At the time, I was still working primarily with acrylics and experimenting with mixed media materials. The work I was making felt closer to craft than fine art. And I had a desire to go deeper. I wanted to create work that reflected something essential about me and spoke to a broader audience. Well, I wanted to become a fine artist.

One day I came across an ad for Judy Woods’ STARTS course. I enrolled, and it turned out to be one of the most important decisions I made for my artistic path. Her approach encouraged play and intuition. She provided prompts and exercises that helped me loosen up and explore mark-making without needing a clear end in mind but still refine it in a way that could be turned into a fine art painting. It took me a while to get the hang of it but eventually, something clicked.

 

Abstract painting with layered greens, pinks, and yellows. Leaf-like shapes and textured marks suggest a dense, dreamlike garden. Mood is lush and quiet.
This is In My Garden, the painting that help me trust that could one day become an artist.
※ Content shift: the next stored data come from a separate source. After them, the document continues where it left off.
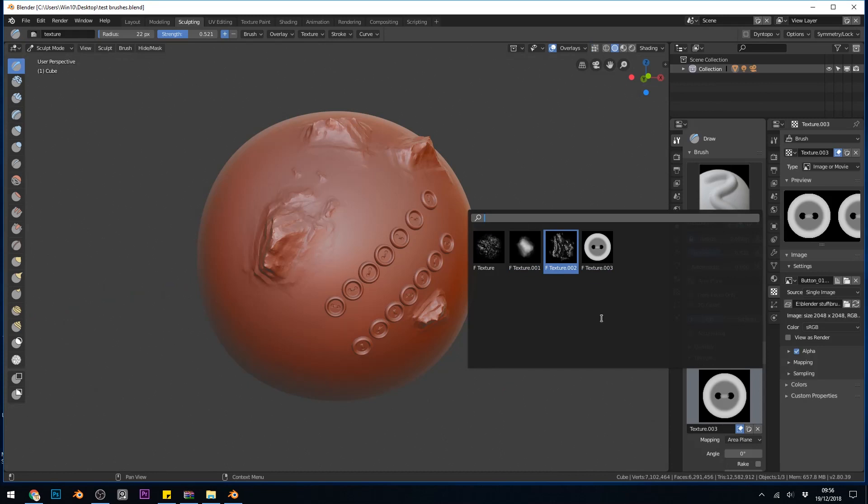Okay, so that was a fairly detailed look at adding alphas. In the next episode, I'll be talking about how you can create your own. Remember, you can comment with any questions you have or get across to the Discord server and you can chat to me there. Thanks for watching and I hope this helps.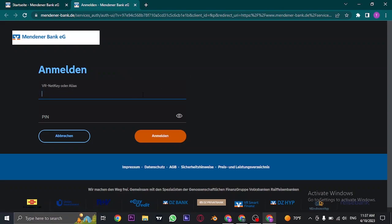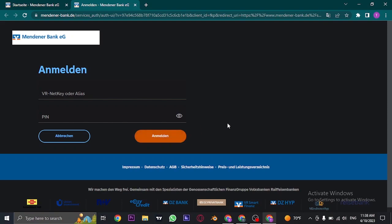Here you need to type in your VR-NetKey or your alias key, and then enter the PIN that you created. Once you've entered both pieces of information, click the button and you'll be successfully logged in to your account.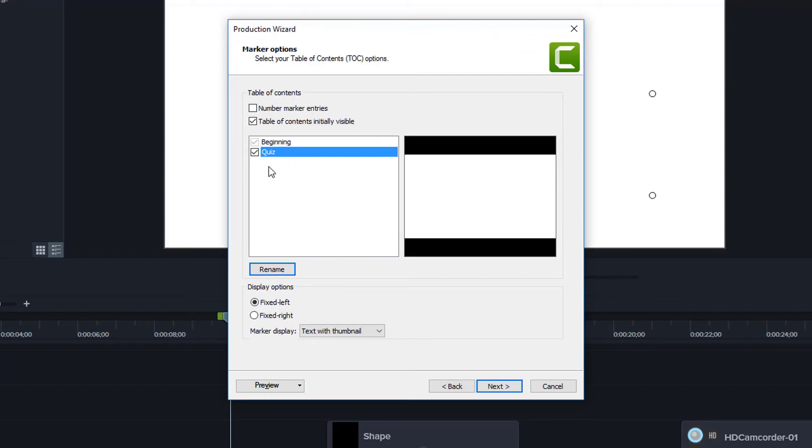And if you wanted to, you could remove certain sections. So maybe you had seven sections, but one of these you didn't want as a part of the table of contents, like the quiz, for example, you could uncheck it, and then it will not be included in your table of contents.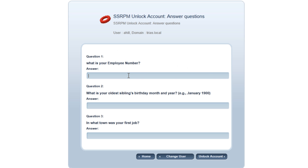The user then has to provide the correct answers to the personal questions that he or she answered during the registration procedure. If the user answers the questions correctly, SSRPM will know that the user is actually the person who he or she claims to be.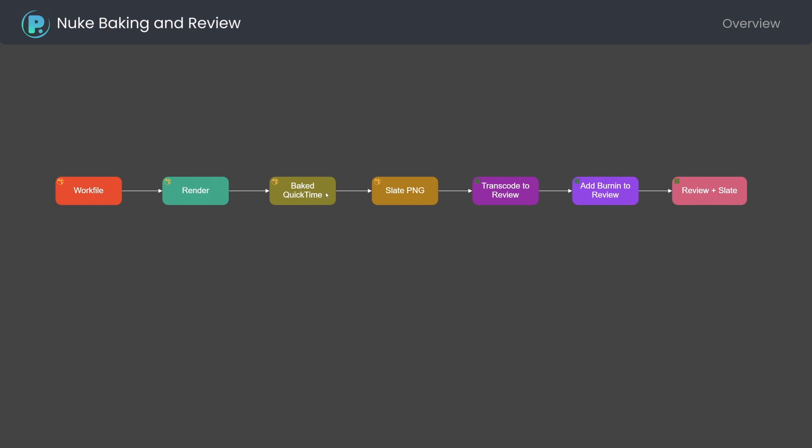Nuke workfile is also used to render a slate PNG file if Nuke slate is detected in the node graph. The quicktime is transcoded by FFmpeg to the desired output format. FFmpeg is used to add burnin to transcode. The transcode with burnin is concatenated with the slate.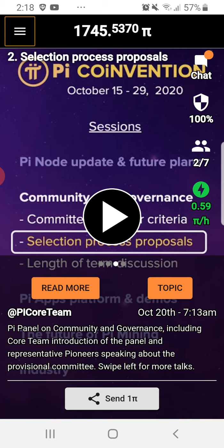Let's talk about how you will verify yourself. I already taught you how to download Pi from the Play Store and what you will do. This is the updated review regarding the Pi app.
The first painting that I truly recognized as special and with meaning was In My Garden. When I finished it, I immediately thought of the summers I spent with my cousin in Rio de Janeiro. We lived in an apartment in the city, but during those summers, we stayed at my aunt's house, surrounded by her garden. That garden felt like paradise. It held a bunch of imagination and stories. When I looked at this painting, it gave me that same feeling.

Having succeeded once, I tried to replicate the same process to see if I could create other paintings that brought a similar emotional response in me. It took several attempts and many failures. But I think that's when I started to feel like an artist. It does not matter how many times you fail—you just keep trying until you get it again.

I kept working with the exercises and prompts. Over time, I began to notice that the work started to speak back to me more often. Even though the paintings were abstract, they reminded me of real gardens I had visited or imagined. I wasn’t consciously painting them, but somehow those memories surfaced anyway.

 

Images of one of the pools in Inhotim, MG, Brazil, Details of the Butterfly Sanctuary in Key West and birds eye view of NOMA
Fragments of places that shaped this series—Inhotim, a butterfly sanctuary in the Keys, and the sculpture garden in New Orleans. Not painted directly, but remembered differently

 

Garden Under the Sea reminded me of the Beatles' song "Octopus's Garden." There's no octopus in the painting, and no attempt to illustrate the song, but I imagined it could look like this. In another piece, a butterfly shape emerged and I remembered the butterfly sanctuary I had visited in the Florida Keys.

As I kept painting, more connections surfaced. Garden of Tranquility made me think of the sculpture pools at Inhotim. Bridge Over the Sculpture Garden reminded me of the one in New Orleans. None of these references were planned. They just appeared, and I noticed them. It made me realize that we experience the world in more ways than we can articulate—not just visually or analytically, but emotionally. Those impressions live inside us, and when we make space, they come forward.

Some of the paintings from that course moved beyond gardens but still connects with them. Flowers for a Queen’s Funeral came to life while I was watching Queen Elizabeth II’s funeral. I wasn’t trying to paint it, but I saw a woman gathering flowers for a vase and I felt it interesting. For other works, I imagined the kinds of creatures that might live in these internal gardens.

 

ASide-by-side image. On the left: a photograph of Queen Elizabeth II’s funeral procession, with soldiers in uniform and rows of Union Jack flags lining the street. On the right: an abstract painting titled Flowers for a Queen’s Funeral featuring soft whites, golds, and dark contrasts, suggesting a floral arrangement in a vase and a abtracted woman silhouette.
I was just painting while the funeral played in the background. I wasn’t thinking about it, but somehow this image of someone arranging flowers showed up. Do you see it too?

 

This experience showed me that I had something to say through painting and I curated all these works into a single collection and titled it Imagined Gardens. They’re reinvented versions of places I’ve been, dreamt about, or wish I could return to. They reflect not just the spaces themselves, but how I experienced them. They were grown out of the emotional landscape I carry. Some of the original paintings from this collection are no longer available, but you can view the full collection here. I may offer prints or cards in the future. If that interests you, keep an eye out.

I know not everyone will see what I see in these paintings. That’s part of what I love about abstraction. People bring their own experiences and narratives to the work, and this is absolutely fantastic. I love that the images are just a spark of emotions that connect to the viewer's story and create an open-ended space for emotions to flourish.

That was the beginning of how I found my voice. I still have a long road ahead of me, and I am happy to get on that.